Saya pernah duduk di bangku itu. Bangku kayu tua dengan paku-paku mencuat dan goresan nama anak-anak yang mungkin sudah lupa pernah menulisnya.
Itu bukan metafora. Itu bangku sungguhan. Saya duduk di sana bertahun-tahun lalu, saat hujan masih mudah membuat atap sekolah kami bocor, dan kami lebih sering belajar sambil menggeser meja agar tidak kena cipratan. Di kelas itu, kami belajar tentang sudut, kata penghubung, dan pahlawan nasional. Semuanya dari buku paket yang lebih sering tersimpan rapi di laci, tak sempat kami buka kecuali saat ulangan tiba.

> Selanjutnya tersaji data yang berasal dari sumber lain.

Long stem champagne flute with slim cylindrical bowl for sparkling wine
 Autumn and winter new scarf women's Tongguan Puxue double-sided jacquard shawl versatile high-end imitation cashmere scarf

Saya ingin mulai dari sini karena ada yang ingin saya ceritakan. Bukan tentang saya. Tapi tentang anak-anak yang masih duduk di bangku itu sekarang.
Bagaimana Rasanya Tumbuh di Sekolah yang Bangkunya Retak?
Saya tahu rasanya. Dan saya yakin, kamu juga tahu atau setidaknya, pernah melihatnya.
Bangku itu tidak hanya retak karena usia. Ia menyimpan beban tubuh yang tumbuh terlalu cepat untuk ukuran kelas yang terlalu sempit. Di bangku itu, anak-anak menuliskan harapan dengan pensil tumpul dan mimpi yang belum sempat diberi warna.
Kata orang, pendidikan adalah jalan menuju masa depan. Tapi bagaimana jika jalan itu berlubang? Apa jadinya masa depan bila bangkunya retak, bukunya usang, dan guru datang dengan raut lelah karena honor belum turun?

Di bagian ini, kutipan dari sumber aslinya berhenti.